[EXERCISE GOAL]: No image is to be carried over; reproduce the rest of the listing word for word.
------ INFORMATION SHOWN ------
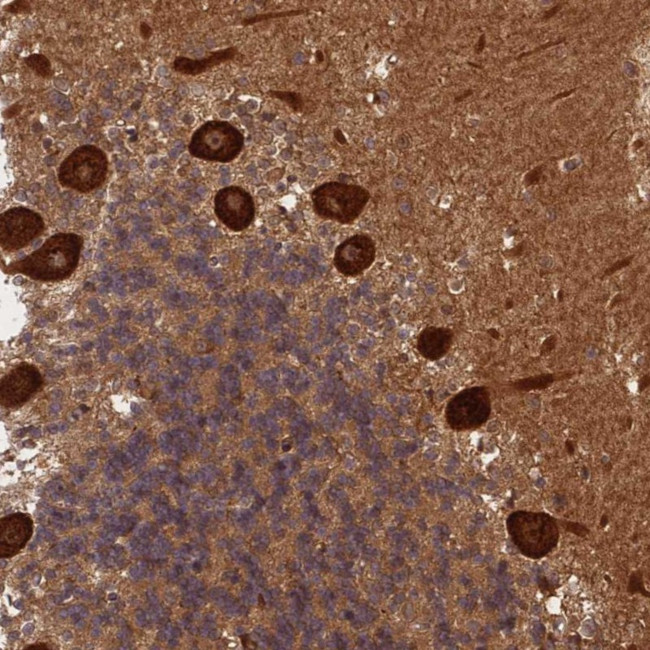 ABH1 Antibody in Immunohistochemistry (Paraffin) (IHC (P))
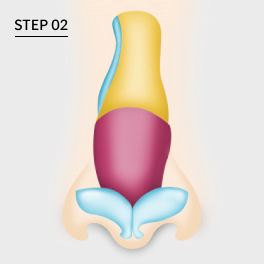 Correcting deviated septum by adding cartilage.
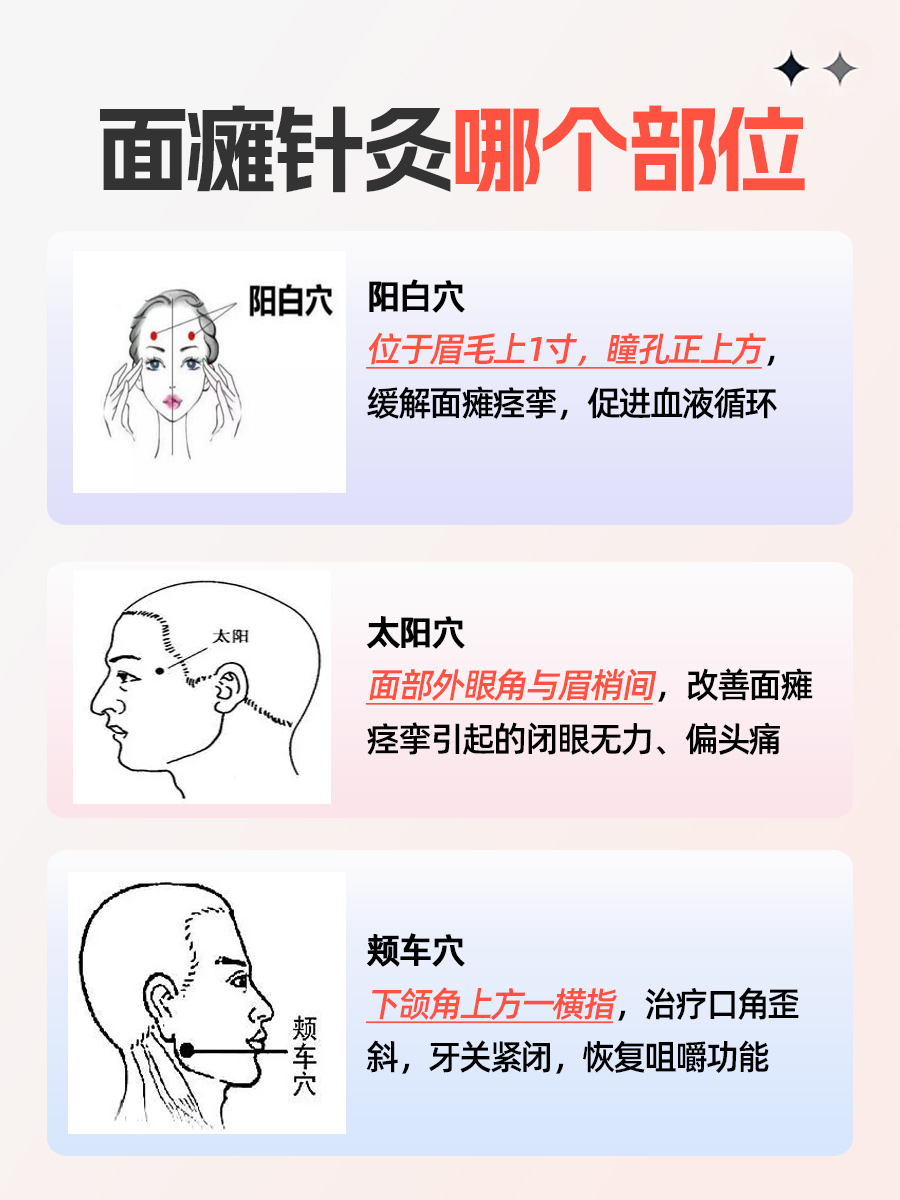面瘫针灸治疗，找准这些部位！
------
[REPLY TO THE EXERCISE]:
 ABH1 Antibody in Immunohistochemistry (Paraffin) (IHC (P))
 Correcting deviated septum by adding cartilage.
面瘫针灸治疗，找准这些部位！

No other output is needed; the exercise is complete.